DATASET EXCERPTS ▸

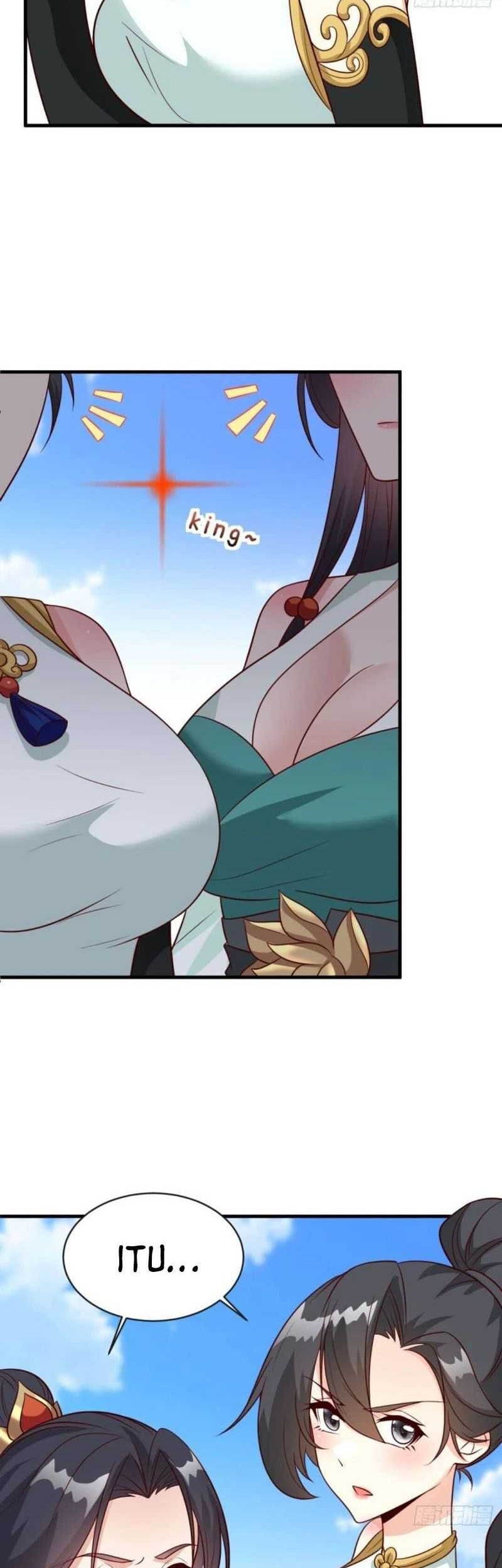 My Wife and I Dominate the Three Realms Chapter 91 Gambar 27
...
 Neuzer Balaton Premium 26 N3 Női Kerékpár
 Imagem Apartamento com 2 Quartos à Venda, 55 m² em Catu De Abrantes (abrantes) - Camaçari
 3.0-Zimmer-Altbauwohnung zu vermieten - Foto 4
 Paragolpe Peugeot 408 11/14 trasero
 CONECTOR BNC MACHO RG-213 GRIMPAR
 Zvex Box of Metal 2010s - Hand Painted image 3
---
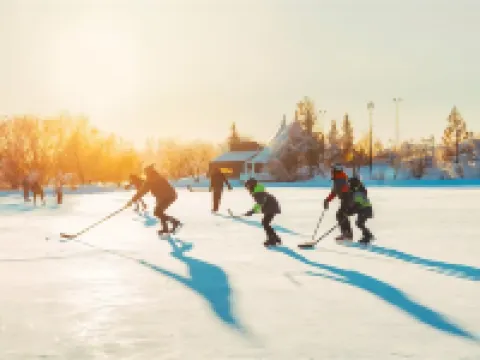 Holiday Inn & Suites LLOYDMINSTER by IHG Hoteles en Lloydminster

EXERCISE PROMPT ▸ Could you restate, word for word, the lines above from the one with "3.0-Zimmer-Altbauwohnung zu vermieten" to the one with "Zvex Box of", both included?

EXERCISE RESULT ▸
 3.0-Zimmer-Altbauwohnung zu vermieten - Foto 4
 Paragolpe Peugeot 408 11/14 trasero
 CONECTOR BNC MACHO RG-213 GRIMPAR
 Zvex Box of Metal 2010s - Hand Painted image 3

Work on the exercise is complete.